╭──
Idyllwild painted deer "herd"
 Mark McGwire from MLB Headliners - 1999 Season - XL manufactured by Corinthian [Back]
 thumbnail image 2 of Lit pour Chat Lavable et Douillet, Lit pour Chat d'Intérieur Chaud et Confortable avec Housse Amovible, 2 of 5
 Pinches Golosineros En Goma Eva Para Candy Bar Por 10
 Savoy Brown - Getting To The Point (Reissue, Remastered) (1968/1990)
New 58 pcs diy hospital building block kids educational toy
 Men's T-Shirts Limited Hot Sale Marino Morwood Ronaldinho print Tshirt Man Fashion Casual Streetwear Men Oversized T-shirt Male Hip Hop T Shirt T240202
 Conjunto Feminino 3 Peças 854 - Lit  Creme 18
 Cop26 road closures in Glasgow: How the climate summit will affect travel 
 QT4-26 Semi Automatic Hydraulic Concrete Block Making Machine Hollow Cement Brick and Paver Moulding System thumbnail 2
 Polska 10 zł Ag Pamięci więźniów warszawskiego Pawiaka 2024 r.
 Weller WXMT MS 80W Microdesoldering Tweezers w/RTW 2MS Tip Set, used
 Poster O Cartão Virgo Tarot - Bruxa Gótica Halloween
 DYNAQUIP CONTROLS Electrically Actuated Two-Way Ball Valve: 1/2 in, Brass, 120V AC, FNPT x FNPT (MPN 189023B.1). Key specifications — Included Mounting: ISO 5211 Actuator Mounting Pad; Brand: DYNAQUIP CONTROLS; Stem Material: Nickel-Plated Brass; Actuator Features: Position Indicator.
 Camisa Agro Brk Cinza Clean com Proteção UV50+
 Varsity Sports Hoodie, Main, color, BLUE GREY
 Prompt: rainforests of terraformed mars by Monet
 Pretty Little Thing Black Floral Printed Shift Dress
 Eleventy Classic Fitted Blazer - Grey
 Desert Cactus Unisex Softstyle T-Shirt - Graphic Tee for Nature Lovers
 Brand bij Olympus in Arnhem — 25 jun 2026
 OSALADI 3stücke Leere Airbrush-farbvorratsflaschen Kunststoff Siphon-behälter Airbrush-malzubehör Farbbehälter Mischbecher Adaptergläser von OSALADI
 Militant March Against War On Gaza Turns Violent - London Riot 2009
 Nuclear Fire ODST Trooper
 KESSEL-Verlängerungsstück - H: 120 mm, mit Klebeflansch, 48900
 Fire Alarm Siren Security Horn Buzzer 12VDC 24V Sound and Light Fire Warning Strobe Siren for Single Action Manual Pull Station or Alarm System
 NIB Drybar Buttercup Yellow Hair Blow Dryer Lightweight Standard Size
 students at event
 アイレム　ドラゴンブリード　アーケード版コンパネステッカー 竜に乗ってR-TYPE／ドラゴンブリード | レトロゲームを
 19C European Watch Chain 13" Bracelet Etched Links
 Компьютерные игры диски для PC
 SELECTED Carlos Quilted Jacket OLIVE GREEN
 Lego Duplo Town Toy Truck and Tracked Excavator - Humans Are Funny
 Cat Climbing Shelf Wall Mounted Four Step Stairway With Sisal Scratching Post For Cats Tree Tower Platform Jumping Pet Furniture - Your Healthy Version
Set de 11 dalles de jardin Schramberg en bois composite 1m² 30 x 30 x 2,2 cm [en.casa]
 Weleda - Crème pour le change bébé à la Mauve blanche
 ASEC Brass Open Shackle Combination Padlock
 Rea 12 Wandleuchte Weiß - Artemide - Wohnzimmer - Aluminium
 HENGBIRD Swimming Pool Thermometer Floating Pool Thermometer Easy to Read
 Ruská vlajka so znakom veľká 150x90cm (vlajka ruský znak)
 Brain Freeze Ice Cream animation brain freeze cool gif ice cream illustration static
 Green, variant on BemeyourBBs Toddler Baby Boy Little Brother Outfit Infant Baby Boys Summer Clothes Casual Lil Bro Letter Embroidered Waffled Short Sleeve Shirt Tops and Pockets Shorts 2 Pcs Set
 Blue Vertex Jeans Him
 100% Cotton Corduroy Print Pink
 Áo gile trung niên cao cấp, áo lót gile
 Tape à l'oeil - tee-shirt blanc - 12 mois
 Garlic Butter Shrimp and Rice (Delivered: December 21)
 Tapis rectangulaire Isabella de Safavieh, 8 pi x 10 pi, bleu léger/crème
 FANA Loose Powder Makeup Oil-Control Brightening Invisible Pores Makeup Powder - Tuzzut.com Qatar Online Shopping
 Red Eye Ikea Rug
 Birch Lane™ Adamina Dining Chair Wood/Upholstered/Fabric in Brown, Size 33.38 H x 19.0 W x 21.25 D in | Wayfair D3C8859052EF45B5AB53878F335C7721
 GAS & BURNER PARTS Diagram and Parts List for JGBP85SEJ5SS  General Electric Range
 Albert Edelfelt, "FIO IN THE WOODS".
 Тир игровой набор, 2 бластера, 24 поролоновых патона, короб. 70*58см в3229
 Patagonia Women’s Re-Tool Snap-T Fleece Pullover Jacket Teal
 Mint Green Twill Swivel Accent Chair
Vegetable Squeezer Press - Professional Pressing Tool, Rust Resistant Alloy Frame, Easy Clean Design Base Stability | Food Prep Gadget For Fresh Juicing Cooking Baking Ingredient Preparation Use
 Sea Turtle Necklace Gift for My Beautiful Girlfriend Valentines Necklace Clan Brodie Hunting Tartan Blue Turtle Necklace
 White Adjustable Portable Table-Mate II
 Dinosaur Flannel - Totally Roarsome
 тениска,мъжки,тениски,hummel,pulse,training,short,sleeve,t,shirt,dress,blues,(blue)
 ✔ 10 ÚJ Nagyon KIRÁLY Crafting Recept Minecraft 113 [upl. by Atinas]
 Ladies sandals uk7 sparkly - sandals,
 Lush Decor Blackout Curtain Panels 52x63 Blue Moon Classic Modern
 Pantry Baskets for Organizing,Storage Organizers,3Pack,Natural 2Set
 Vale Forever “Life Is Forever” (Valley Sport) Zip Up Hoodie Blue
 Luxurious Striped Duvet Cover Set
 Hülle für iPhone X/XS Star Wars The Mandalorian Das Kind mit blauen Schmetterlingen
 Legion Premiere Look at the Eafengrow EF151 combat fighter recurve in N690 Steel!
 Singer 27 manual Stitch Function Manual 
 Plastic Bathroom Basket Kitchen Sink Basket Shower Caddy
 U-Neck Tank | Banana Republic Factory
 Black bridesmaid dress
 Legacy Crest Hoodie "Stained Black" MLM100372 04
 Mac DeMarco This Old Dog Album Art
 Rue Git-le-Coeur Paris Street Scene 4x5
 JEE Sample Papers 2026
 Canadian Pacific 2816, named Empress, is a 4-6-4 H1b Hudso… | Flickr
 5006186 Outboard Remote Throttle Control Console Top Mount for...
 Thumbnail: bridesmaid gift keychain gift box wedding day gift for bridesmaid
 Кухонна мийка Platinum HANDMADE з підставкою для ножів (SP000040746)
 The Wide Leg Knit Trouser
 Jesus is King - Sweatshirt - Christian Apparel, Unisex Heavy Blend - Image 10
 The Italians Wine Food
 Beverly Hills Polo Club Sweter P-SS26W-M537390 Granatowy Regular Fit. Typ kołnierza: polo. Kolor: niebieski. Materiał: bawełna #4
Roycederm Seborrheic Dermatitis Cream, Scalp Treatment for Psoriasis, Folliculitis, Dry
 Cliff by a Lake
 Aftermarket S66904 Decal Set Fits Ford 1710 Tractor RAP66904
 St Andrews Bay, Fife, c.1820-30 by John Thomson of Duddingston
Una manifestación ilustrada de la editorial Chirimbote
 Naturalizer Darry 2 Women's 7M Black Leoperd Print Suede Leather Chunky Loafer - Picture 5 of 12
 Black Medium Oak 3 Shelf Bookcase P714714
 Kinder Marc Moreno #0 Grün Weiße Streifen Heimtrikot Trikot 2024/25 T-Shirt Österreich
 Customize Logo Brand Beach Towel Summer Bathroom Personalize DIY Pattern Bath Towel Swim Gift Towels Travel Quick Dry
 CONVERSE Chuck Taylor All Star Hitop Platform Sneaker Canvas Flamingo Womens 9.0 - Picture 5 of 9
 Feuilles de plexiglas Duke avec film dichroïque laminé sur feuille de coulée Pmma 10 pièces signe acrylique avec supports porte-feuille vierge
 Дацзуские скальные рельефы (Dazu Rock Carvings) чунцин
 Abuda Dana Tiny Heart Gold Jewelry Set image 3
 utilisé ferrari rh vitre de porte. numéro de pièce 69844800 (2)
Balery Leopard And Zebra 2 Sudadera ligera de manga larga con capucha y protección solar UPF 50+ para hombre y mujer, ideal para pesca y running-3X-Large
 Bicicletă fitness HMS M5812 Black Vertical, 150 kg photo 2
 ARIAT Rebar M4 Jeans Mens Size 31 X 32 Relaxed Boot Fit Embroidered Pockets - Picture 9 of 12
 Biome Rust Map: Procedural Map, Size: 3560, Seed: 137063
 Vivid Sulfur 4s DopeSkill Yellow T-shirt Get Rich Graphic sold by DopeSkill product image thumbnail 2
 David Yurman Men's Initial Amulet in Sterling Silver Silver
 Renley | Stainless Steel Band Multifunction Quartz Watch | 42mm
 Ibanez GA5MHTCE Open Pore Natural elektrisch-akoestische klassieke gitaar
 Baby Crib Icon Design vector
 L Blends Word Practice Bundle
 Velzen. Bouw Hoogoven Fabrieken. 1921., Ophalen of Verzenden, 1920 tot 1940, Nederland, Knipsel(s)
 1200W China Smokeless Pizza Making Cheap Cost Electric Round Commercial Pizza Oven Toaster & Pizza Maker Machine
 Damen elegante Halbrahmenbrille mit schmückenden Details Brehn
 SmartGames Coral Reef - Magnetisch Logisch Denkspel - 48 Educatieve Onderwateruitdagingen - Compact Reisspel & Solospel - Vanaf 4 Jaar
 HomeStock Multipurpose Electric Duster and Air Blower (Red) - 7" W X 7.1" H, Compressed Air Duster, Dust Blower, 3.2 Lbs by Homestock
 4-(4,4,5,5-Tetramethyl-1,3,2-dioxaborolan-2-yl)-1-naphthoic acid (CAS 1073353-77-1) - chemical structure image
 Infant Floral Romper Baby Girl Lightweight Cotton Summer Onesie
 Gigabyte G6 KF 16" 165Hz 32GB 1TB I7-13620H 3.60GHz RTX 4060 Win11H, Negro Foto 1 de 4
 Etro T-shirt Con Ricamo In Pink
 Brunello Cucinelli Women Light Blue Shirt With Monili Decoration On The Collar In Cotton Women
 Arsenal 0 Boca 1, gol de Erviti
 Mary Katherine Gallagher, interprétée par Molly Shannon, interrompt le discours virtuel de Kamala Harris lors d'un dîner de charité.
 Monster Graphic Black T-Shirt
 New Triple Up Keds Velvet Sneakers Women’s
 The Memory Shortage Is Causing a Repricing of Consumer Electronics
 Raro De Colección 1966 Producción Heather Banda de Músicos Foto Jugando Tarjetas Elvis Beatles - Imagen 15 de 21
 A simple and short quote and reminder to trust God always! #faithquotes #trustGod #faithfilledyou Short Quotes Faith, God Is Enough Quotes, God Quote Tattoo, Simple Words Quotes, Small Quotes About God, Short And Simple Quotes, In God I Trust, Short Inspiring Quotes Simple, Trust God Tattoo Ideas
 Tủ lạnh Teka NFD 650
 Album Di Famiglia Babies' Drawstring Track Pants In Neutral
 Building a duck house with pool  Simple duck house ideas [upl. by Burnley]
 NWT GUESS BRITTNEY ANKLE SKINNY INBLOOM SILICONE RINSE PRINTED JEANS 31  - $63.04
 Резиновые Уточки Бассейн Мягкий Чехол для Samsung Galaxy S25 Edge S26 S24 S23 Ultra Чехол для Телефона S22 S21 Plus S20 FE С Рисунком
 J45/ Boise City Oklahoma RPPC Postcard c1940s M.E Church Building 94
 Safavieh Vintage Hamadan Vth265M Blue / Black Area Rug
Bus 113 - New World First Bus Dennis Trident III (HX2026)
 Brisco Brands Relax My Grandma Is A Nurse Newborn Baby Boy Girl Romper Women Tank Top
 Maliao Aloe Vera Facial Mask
╰──
Your task is to transcribe, with no changes, only the lines of the listing above that lie between the line holding "Red Eye Ikea Rug" and the line holding "JEE Sample Papers 2026", inclusive.

 Red Eye Ikea Rug
 Birch Lane™ Adamina Dining Chair Wood/Upholstered/Fabric in Brown, Size 33.38 H x 19.0 W x 21.25 D in | Wayfair D3C8859052EF45B5AB53878F335C7721
 GAS & BURNER PARTS Diagram and Parts List for JGBP85SEJ5SS  General Electric Range
 Albert Edelfelt, "FIO IN THE WOODS".
 Тир игровой набор, 2 бластера, 24 поролоновых патона, короб. 70*58см в3229
 Patagonia Women’s Re-Tool Snap-T Fleece Pullover Jacket Teal
 Mint Green Twill Swivel Accent Chair
Vegetable Squeezer Press - Professional Pressing Tool, Rust Resistant Alloy Frame, Easy Clean Design Base Stability | Food Prep Gadget For Fresh Juicing Cooking Baking Ingredient Preparation Use
 Sea Turtle Necklace Gift for My Beautiful Girlfriend Valentines Necklace Clan Brodie Hunting Tartan Blue Turtle Necklace
 White Adjustable Portable Table-Mate II
 Dinosaur Flannel - Totally Roarsome
 тениска,мъжки,тениски,hummel,pulse,training,short,sleeve,t,shirt,dress,blues,(blue)
 ✔ 10 ÚJ Nagyon KIRÁLY Crafting Recept Minecraft 113 [upl. by Atinas]
 Ladies sandals uk7 sparkly - sandals,
 Lush Decor Blackout Curtain Panels 52x63 Blue Moon Classic Modern
 Pantry Baskets for Organizing,Storage Organizers,3Pack,Natural 2Set
 Vale Forever “Life Is Forever” (Valley Sport) Zip Up Hoodie Blue
 Luxurious Striped Duvet Cover Set
 Hülle für iPhone X/XS Star Wars The Mandalorian Das Kind mit blauen Schmetterlingen
 Legion Premiere Look at the Eafengrow EF151 combat fighter recurve in N690 Steel!
 Singer 27 manual Stitch Function Manual 
 Plastic Bathroom Basket Kitchen Sink Basket Shower Caddy
 U-Neck Tank | Banana Republic Factory
 Black bridesmaid dress
 Legacy Crest Hoodie "Stained Black" MLM100372 04
 Mac DeMarco This Old Dog Album Art
 Rue Git-le-Coeur Paris Street Scene 4x5
 JEE Sample Papers 2026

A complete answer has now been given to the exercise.